Showing a picture of me wouldn't need to involve any articulation on my
part, which is why it would be "cheating".

> >However I believe if you allowed me enough resources and research
> >capabilities, I could teach you or anyone how to recognize almost
> >anyone (at least from the same cultural group). It clearly CAN be
> >done. So either recognizing faces isn't an example of tacit, or tacit can
> >be articulated and taught. All that would remain would be to carry out
> >the research, which I suspect has already been done.
>
> Robert: You are noted for taking fine points so bear with me while I
> attempt something similar. In the paragraph above, the word "So" is used
> as a synonym for "therefore." In other words, your opening statement, one
> of belief, is followed by a conclusion that hinges on the acceptance of
> the belief. Clearly, you accept the belief; after all, it is yours. I
> don't. Therefore, for me, your conclusion does not follow. It is for you
> a quite correct conclusion. It is for me a non sequitur.

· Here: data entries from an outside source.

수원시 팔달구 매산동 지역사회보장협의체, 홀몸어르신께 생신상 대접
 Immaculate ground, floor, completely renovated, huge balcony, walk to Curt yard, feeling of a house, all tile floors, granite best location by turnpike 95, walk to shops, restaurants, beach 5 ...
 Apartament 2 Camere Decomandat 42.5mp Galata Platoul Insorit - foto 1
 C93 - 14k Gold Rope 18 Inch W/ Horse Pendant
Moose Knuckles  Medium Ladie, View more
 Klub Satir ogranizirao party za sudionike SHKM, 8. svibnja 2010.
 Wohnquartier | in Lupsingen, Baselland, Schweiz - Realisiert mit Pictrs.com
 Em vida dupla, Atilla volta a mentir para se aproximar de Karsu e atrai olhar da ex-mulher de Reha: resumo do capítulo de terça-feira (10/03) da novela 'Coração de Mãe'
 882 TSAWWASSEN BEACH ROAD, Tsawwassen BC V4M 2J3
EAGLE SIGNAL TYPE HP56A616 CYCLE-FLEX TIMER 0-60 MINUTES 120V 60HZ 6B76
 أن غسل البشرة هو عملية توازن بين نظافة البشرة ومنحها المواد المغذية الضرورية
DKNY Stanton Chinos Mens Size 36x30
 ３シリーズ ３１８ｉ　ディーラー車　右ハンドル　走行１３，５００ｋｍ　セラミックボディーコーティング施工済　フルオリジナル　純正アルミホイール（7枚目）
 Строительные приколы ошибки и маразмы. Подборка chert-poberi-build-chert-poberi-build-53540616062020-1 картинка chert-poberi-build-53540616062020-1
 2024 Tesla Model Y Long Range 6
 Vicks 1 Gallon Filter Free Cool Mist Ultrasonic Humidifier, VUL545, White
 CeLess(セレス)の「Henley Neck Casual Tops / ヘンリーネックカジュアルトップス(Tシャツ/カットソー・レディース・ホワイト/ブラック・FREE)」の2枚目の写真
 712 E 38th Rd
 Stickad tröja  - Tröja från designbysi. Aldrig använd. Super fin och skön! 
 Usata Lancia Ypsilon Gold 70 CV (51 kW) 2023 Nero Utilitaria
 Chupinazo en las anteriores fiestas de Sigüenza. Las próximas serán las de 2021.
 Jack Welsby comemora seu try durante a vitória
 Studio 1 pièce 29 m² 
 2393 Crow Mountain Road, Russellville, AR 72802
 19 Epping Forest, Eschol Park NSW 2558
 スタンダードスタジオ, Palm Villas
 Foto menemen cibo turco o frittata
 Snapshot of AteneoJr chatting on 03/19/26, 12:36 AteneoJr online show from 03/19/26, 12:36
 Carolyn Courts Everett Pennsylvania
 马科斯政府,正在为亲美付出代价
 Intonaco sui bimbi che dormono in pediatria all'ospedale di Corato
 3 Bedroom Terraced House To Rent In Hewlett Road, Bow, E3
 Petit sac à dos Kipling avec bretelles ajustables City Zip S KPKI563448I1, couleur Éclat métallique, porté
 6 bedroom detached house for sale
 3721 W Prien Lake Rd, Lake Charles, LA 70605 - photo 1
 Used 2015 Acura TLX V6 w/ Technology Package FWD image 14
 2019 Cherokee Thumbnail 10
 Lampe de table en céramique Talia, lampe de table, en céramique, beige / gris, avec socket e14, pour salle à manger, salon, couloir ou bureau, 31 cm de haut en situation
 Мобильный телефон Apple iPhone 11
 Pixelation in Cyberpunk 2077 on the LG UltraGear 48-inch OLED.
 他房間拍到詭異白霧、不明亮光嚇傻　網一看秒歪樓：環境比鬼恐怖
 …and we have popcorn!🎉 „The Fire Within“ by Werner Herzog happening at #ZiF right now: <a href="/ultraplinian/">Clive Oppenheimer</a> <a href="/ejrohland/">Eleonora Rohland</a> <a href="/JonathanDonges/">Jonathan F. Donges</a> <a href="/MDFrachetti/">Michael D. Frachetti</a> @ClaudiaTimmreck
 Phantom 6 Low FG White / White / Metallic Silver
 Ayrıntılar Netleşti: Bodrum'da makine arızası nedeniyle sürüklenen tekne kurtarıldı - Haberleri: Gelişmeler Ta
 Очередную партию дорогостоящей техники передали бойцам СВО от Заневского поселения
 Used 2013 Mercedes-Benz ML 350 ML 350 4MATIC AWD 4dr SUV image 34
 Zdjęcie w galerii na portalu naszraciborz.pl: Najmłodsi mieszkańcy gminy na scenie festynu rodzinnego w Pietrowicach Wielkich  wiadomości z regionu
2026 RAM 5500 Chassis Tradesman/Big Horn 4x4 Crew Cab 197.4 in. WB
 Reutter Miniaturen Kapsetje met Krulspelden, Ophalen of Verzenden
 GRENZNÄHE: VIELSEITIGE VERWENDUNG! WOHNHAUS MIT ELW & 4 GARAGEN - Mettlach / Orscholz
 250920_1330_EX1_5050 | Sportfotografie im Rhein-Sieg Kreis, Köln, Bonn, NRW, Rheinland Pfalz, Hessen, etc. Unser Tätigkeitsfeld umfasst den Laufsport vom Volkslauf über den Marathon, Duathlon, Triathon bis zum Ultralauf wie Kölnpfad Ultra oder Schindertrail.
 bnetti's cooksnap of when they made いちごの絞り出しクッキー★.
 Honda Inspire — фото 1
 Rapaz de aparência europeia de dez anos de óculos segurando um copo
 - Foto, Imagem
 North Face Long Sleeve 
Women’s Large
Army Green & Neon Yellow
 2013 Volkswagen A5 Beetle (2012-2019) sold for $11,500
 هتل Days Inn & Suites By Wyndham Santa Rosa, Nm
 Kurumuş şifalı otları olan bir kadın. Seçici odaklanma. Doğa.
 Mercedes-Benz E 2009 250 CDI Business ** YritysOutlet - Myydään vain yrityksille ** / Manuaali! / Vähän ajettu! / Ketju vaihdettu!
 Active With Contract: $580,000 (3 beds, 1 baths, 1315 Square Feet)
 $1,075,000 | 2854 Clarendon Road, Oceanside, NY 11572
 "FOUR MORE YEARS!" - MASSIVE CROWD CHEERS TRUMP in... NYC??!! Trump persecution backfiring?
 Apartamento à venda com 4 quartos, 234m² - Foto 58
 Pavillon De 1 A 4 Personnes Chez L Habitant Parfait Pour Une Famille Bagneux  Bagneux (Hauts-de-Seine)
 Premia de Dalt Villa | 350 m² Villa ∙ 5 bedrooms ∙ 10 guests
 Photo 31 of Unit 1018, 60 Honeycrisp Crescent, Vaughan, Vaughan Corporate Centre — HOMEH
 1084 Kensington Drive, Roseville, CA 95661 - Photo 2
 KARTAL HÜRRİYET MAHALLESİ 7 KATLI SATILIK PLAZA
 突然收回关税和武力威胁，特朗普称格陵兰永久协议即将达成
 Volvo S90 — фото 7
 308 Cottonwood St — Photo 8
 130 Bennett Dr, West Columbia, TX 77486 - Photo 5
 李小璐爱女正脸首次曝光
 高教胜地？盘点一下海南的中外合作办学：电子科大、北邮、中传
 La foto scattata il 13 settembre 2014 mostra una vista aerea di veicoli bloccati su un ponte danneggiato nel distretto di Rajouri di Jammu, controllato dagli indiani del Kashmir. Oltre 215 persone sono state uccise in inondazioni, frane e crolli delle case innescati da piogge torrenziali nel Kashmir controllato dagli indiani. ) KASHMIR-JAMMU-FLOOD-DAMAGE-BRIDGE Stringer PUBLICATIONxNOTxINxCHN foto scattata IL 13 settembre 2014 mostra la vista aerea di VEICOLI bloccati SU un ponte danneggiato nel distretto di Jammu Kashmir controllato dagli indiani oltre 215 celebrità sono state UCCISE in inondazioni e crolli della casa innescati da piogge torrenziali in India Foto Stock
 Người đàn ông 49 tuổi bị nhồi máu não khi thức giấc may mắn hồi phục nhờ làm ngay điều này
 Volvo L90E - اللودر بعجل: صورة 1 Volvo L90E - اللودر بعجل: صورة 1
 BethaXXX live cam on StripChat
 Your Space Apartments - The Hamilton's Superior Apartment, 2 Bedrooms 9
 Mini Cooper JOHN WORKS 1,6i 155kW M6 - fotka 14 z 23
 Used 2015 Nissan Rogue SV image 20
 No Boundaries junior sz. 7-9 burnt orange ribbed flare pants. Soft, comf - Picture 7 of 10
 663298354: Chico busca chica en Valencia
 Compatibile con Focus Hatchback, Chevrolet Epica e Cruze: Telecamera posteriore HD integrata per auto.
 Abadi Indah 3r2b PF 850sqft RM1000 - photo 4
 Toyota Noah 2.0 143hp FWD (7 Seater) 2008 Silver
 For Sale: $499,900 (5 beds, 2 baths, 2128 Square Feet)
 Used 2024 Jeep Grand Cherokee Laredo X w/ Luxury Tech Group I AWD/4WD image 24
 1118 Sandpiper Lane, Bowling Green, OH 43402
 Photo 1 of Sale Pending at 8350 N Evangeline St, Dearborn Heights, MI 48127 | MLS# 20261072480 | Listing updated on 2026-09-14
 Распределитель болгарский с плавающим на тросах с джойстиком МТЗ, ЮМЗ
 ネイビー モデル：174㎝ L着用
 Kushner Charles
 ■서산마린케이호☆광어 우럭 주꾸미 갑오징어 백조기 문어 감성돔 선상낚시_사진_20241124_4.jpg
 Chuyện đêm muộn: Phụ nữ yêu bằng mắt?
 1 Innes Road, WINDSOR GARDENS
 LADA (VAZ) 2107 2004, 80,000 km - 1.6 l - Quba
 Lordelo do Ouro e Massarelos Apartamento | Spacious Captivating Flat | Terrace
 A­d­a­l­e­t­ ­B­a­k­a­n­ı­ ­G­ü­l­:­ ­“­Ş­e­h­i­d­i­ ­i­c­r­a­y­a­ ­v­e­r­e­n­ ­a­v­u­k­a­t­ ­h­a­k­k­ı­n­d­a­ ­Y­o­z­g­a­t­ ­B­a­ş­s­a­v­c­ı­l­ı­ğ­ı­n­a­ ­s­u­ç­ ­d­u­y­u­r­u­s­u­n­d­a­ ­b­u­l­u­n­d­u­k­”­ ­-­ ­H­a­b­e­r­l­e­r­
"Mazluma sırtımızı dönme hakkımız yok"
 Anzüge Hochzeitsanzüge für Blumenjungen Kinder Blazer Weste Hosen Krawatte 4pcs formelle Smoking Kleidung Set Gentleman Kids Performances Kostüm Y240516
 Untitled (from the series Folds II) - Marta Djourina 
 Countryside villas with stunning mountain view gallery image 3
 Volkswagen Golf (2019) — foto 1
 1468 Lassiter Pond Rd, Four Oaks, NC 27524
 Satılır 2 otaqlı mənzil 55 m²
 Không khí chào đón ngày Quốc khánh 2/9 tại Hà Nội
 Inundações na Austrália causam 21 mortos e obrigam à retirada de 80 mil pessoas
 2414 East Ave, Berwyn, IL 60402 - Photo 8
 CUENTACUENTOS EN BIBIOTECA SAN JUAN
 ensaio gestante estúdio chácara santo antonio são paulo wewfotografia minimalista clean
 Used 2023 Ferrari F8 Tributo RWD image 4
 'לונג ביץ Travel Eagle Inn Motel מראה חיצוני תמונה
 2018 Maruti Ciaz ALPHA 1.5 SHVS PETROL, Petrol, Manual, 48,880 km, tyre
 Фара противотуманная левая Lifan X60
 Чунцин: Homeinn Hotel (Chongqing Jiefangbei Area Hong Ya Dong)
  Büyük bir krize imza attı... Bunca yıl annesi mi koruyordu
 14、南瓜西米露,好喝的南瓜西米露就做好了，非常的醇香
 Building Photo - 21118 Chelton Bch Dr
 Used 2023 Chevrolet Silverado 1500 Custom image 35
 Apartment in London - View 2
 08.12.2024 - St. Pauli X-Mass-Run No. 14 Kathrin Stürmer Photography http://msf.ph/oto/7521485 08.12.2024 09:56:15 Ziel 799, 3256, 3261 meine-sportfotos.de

That's fair. Let me restate. It wouldn't surprise me if I got this wrong.

1) Using Polayni's definition, tacit knowledge cannot be articulated
or "transfered".
2) You used the example of recognizing a face as tacit.
3) If I can articulate and teach how to recognize a face, then either
we need to throw out Polayni's definition, or we need to call face
recognition implicit or explicit knowledge.
4) I claim it is possible to make the tacit accessible in some areas,
in fact most areas.
5) I disagree with the definition.

> >Quite
> >honestly, if I CAN do take someone and teach something you call
> >tacit, so they can carry out the task, demonstrating they have
> >learned, then that's all it takes to disprove the notion that tacit
> >knowledge is inexplicable. If I explicate, someone understands,
> >and performs well at the task that proves understanding in action,
> >what else is important?
>
> Well, for starters, what was explicated? Next, how did that explicated
> knowledge get transformed into a capacity for action on the part of the
> learner? Is there more to performing the task than the articulated
> description of it? If so, what is that something else? If not, have we
> finally discovered an instance in which the map is indeed the territory?

I'm not sure it matters.

> >The nifty part is that the people I succeeded in teaching this too
> >could then teach others to do it. Tacit knowledge has to do with
> >HOW something is learned and has little to do with the CONTENT
> >of the knowledge.
>
> That sounds to me like one of your favorite subjects: cueing.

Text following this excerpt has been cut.